We work with measurable, meaningful - and for us as employees - interesting, challenging and attractive objectives in all areas. This means that there are annual objectives for the unit as a whole, for specific, areas of work, for projects, for target groups and for employees’ personal development.
The objectives and the underlying processes are in accordance with the desired key results, which are: to provide guidance and information for our customers and to initiate long-term prevention processes in organizations and communities.
I always keep these key results in mind and my management tools (meetings, retreats, knowledge management, training, appraisal interviews, etc.) are all designed to achieve this. Quality has become a normal part of our work and a matter of course.
Knowledge management plays an important role. Obviously, it is presented on paper, but it is actually a way of collaboration and mutual feedback, a flow and connection of what is going on in our minds. It supports quality assurance and development.
When we developed our own project tools we based them on quint-essenz. They are used in relation to project processes. The project management tool from quint-essenz is a bit too cumbersome for us and clicking through everything takes too much time. It takes a great deal of time to arrange things in the way we need them. But all our services have policies and procedures that are based on the fundamentals of quint-essenz. Thus, we have incorporated quint-essenz into EFQM and aligned our efforts with it.
In what way is quality improvement worth the effort? What are the benefits for your organization and your projects?

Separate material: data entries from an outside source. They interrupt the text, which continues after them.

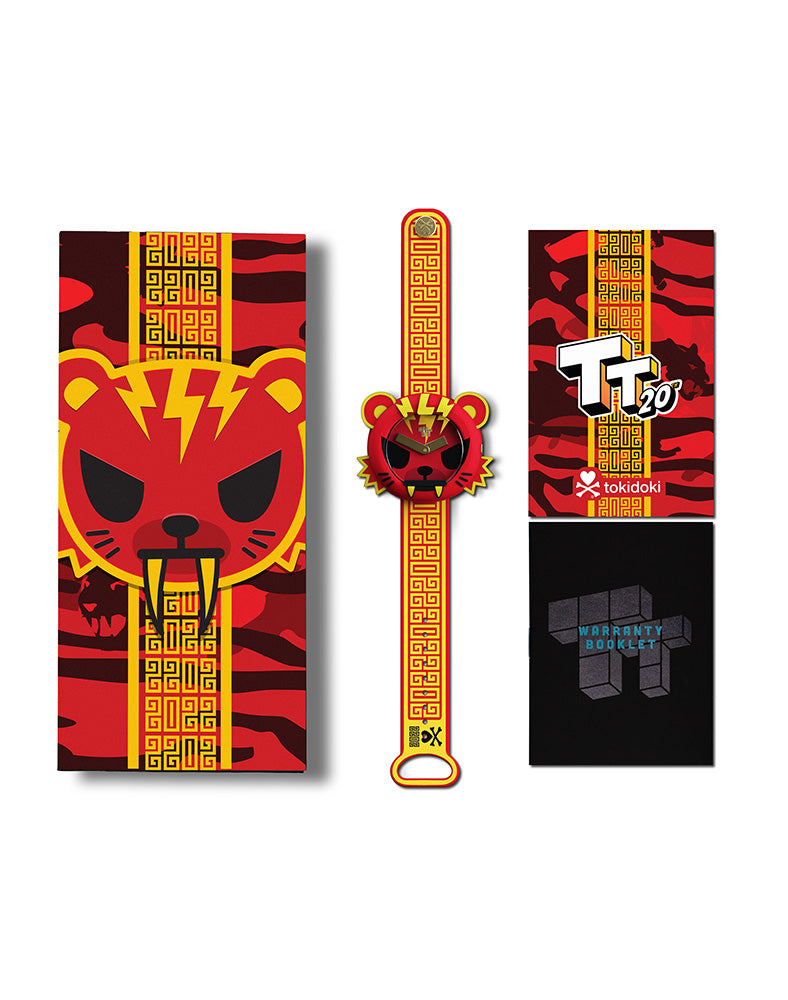 tokidoki x Toy Tokyo x Misfit Lunar New Year watch - Image 2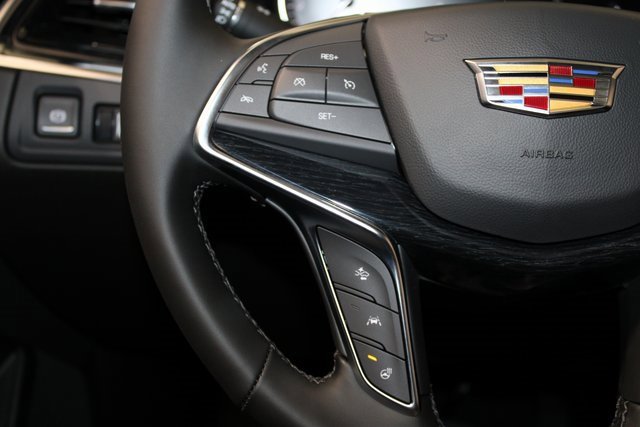 New 2025 Cadillac XT5 Premium Luxury w/ Technology Package image 22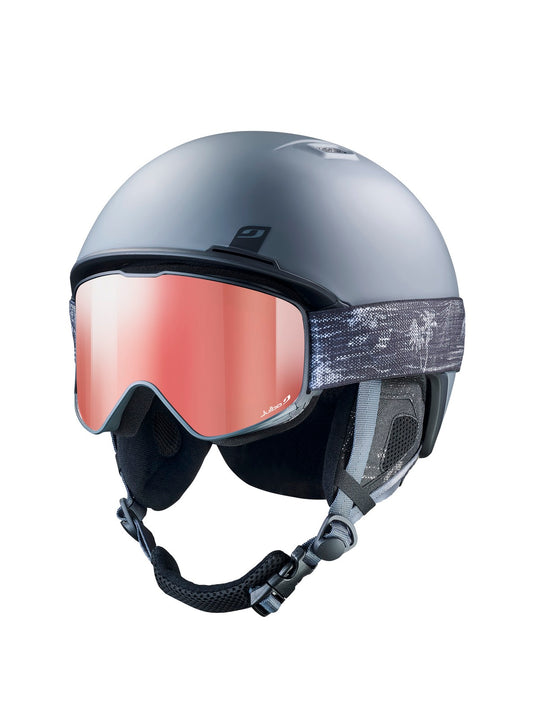 Kask narciarski JULBO Hal szaro czarny - Adventure Sports
Kask narciarski JULBO Hal szaro czarny - Adventure Sports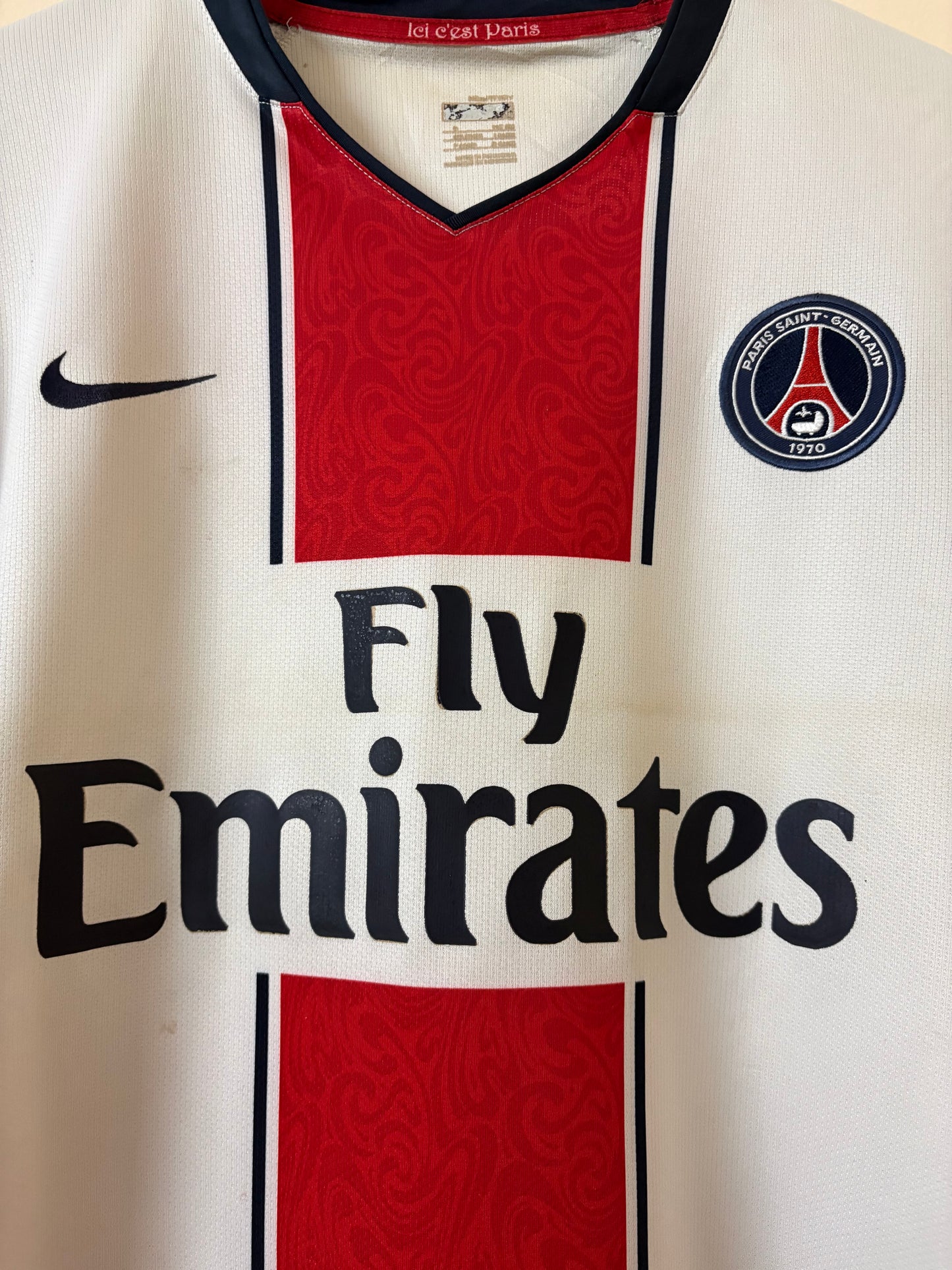 PSG 2007-08 Away(Super Rare)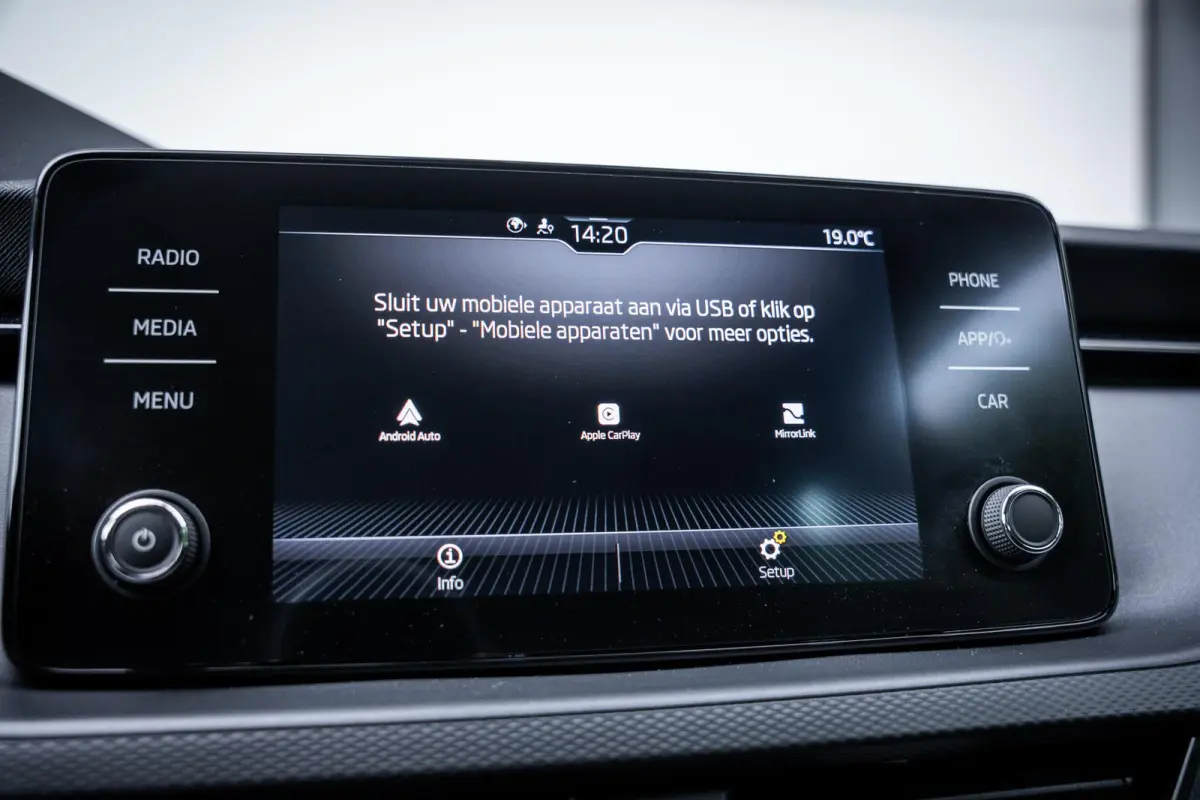 1.0 TSI Ambition Org.NL|Carplay|Trekhaak|18"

Quality development is challenging and stimulating. It leads to dynamic and interesting ideas and offers options for solutions. We learn and are motivated by the process. The development of quality requires real effort, but the benefits ultimately facilitate everyday working life. We are always working towards key results. Whatever is not geared towards key results makes no sense. The effort was great at first, but it is worth it, if, as a result, quality becomes a natural part of everyday work and if it helps to improve and consolidate certain aspects.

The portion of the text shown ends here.